Random missing values were introduced independently at the two reference heights to emulate incomplete observational or reanalysis datasets. Missing-data fractions of 1% and 3% were applied at 10 m and 100 m , respectively, while hub-height quantities were retained complete for consistency checks during reconstruction.
The primary output of the generator was a NetCDF dataset containing wind-component, wind-speed, wind-direction, shear, veer, and regime-index variables together with associated metadata and units. The dataset includes eastward and northward velocity components, reconstructed wind speeds and directions at all vertical levels, shear exponent α ( t ) , directional veer Δ θ ( t ) , and regime-index time series. The synthetic dataset was generated using the archived workflow scripts provided in the Data Availability statement and associated Zenodo archive (DOI:10.5281/zenodo.19678324). Additional details of the synthetic wind generator implementation, parameterisation, and workflow are provided in Appendix A.
Turbine power calculations used the IEA 15 MW offshore reference wind turbine specification [27], with power and thrust characteristics defined using the corresponding reference turbine implementation [33]. The synthetic dataset was used exclusively for discretisation diagnostics and controlled sensitivity testing. Wake-model calculations and wind-farm AEP simulations presented in Section 6 were performed separately using the offshore climatological datasets described in Section 2.2.
Figure 3 shows the synthetic wind-rose distributions at the two reference heights used in the analysis. The wind roses were constructed using the same baseline 5 ° directional discretisation adopted in the inflow-state construction workflow. Wind-speed classes correspond to the same 1 m s 1 binning approach used in the discretised inflow-state ensembles.
The marginal directional-frequency distributions derived from the synthetic wind dataset are shown in Figure 4. The distributions show the bimodal directional structure generated by the synthetic time series, with dominant north-easterly and south-westerly flow regimes and directional veer between the two reference heights.
The corresponding summary statistics of the synthetic wind dataset are presented in Table 3. These statistics provide a quantitative check on the directional structure, vertical shear behaviour, and wind-speed variability represented within the processed synthetic dataset.
The higher wind speeds at 100 m are consistent with the power–law shear relationship used in the synthetic generator, while the shift in circular-mean wind direction between the two heights reflects the directional veer introduced between the lower and upper reference levels. Together with the wind-rose and directional-frequency diagnostics shown in Figure 3 and Figure 4, these statistics provide a controlled diagnostic check on the preprocessing, hub-height reconstruction, and inflow-state construction procedures prior to the discretisation analyses presented in Section 5.

5. Diagnostics Framework

The analysis uses a set of diagnostics to characterise the wind climatology, evaluate the effect of inflow discretisation, and quantify how different inflow-state ensembles influence derived quantities such as turbine power, wake loss, and annual energy production (AEP). These methods do not modify the inflow-state construction itself. Instead, they quantify how closely the discretised inflow states reproduce the underlying wind-speed–direction distribution and how sensitive the downstream engineering calculations are to the selected discretisation.

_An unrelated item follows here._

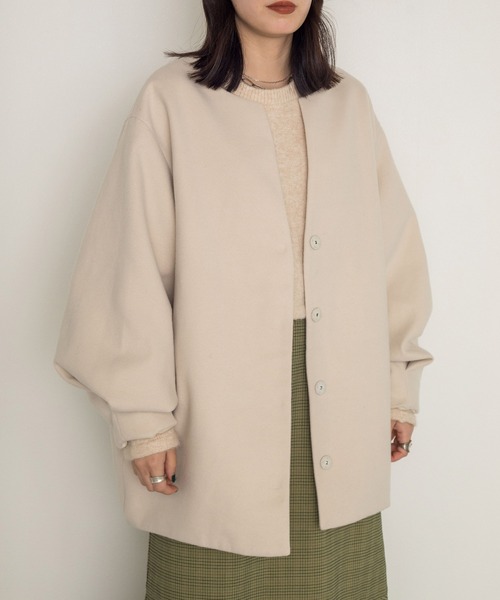 w closet（ダブルクローゼット）の「エコウールノーカラーショートコート（ノーカラーコート・レディース・ミント・FREE）」の2枚目の写真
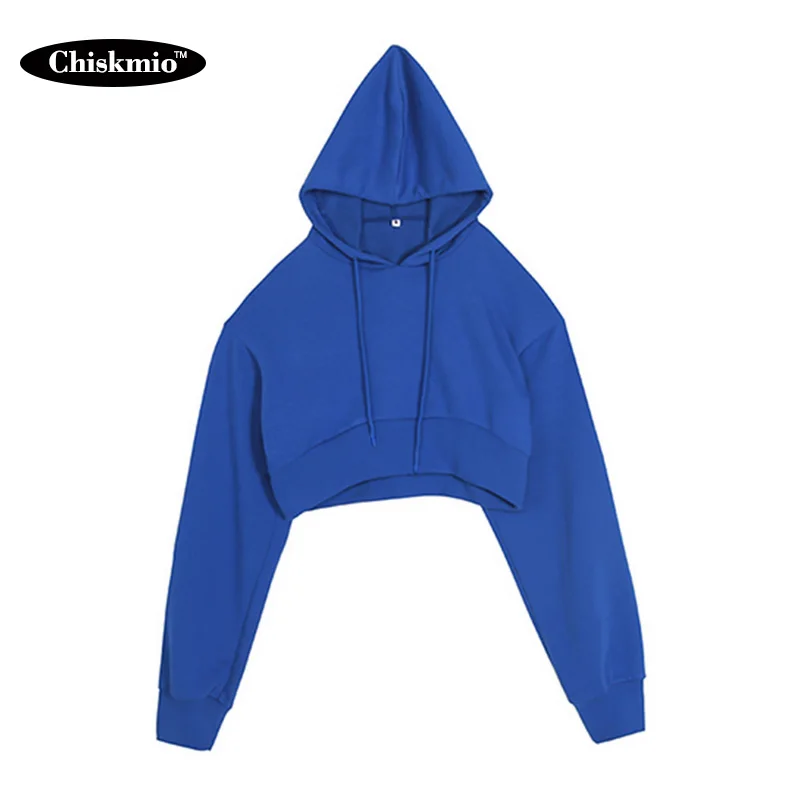 Женская хлопковая толстовка Chiskmio однотонная Короткая Толстовка на шнуровке худи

5.1. Wind-Climate and State-Frequency Diagnostics

Basic directional and wind-speed statistics were calculated for each processed dataset together with the corresponding annual and seasonal subsets. These diagnostics include mean wind speed, directional occurrence frequency, wind-speed percentiles, and marginal directional distributions derived from the discretised inflow-state ensembles described in Section 2.4.
Directional occurrence frequencies were evaluated using the same directional-sector definitions adopted in the inflow-state construction. Marginal directional distributions were obtained by integrating across all wind-speed bins within each directional sector.
For the synthetic dataset described in Section 4, these diagnostics were used to verify that the expected bimodal directional structure and directional differences between the two reference heights were retained after preprocessing and discretisation. For the offshore climatological datasets, the same diagnostics characterise the dominant directional structure represented in the wake-model inflow conditions.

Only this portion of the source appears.